A ópera a serviço dos estados íntimos e fugidios

A ópera a serviço dos estados íntimos e fugidios
(Foto: Bob Sousa)

 

Fotos de Bob Sousa

A encenação das óperas O canto do cisne e Palestra sobre pássaros aquáticos, ambas com libretos inspirados em duas peças curtas de Tchékhov – apresentadas em programa duplo, de 18 a 21 de agosto no Theatro São Pedro –, convida o espectador à fruição de uma bem-vinda intertextualidade entre literatura, teatro e ópera, cujo cerne parece ser o estímulo à preservação da memória, desdobrada em duas proposições: a memória da arte e da cultura e a memória na arte e na cultura.

O grande destaque desse programa precioso é promover o encontro do público com uma obra em que lucidez e desencanto se misturam com complexidade e profundeza ímpares, como é o caso das narrativas de Anton Pavlóvitch Tchékhov (1860-1904), o grande escritor e dramaturgo russo que concebeu uma galeria antológica de personagens para os quais a plenitude dos pequenos entusiasmos do dia a dia mal disfarçam a ausência do sentido maior da vida. Os contos, novelas e peças de teatro do autor acabaram por se distanciar da escola realista em voga no século 20, constituindo um espesso conjunto de criações cuja singularidade ainda fascina artistas, leitores e intelectuais mundo afora.

(Foto: Bob Sousa)

Máximo Górki escreveu em 1900 uma carta para Tchékhov na qual apontava, entre admirado e atônito, a mudança de perspectiva que a obra do amigo estava imprimindo à arte e à literatura russas:

Você sabe o que está fazendo? Está matando o realismo… Depois de qualquer de suas histórias, por mais insignificante que seja, tudo parece rude, como se fosse escrito não com uma pena, mas com um porrete.
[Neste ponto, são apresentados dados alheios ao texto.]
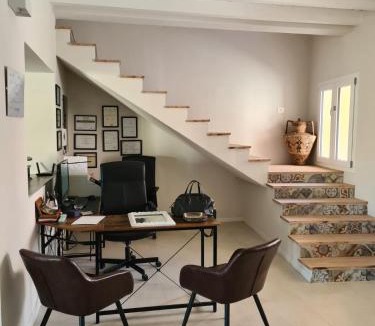 San Vito Bed & Breakfast | B&B Casa Peppa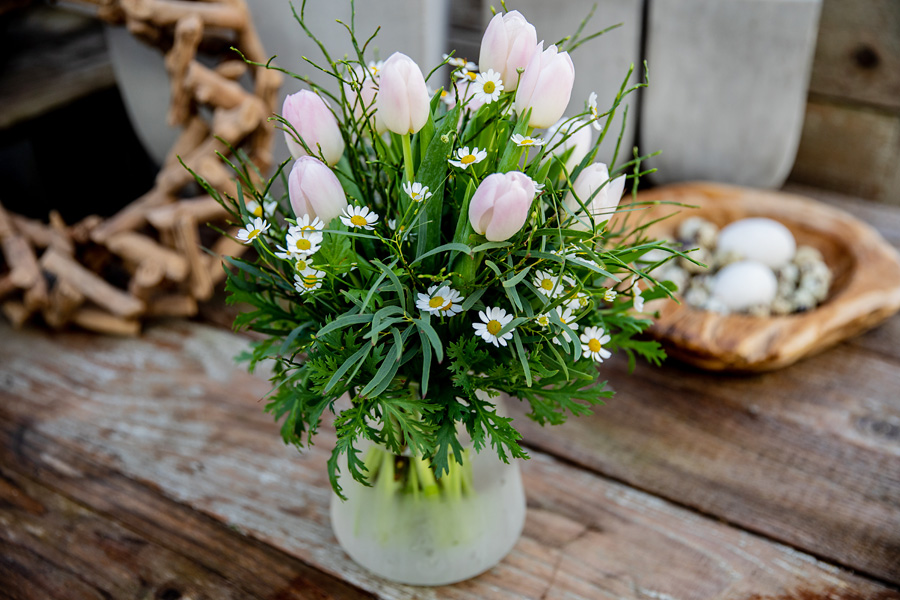 Tulpen fein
Os temas básicos com os quais tais histórias lidam – o insucesso, a impotência, a nostalgia e a solidão do homem – não correspondiam aos anseios da musa realista, anunciando a crise pela qual a forma dramática iria passar logo depois, como atesta Peter Szondi em Teoria do drama moderno [1880-1950] :

Assim como os heróis dos dramas tchekhovianos, apesar de sua ausência psíquica, continuam a viver em sociedade e não tiram da solidão e da nostalgia as últimas consequências, persistindo em um ponto flutuante entre o mundo e o eu, o agora e o outrora, tampouco a forma dos dramas renuncia de todo às categorias de que carece enquanto forma dramática. Ela as conserva como acessórios desprovidos de ênfase a permitir que a temática verdadeira tome forma em algo negativo, como se desviando dela.

As figuras nascidas da pena de Tchékhov renunciam ao presente e ao encontro com a vida, refugiando-se em lembranças e reminiscências tingidas por utopia e autoexílio.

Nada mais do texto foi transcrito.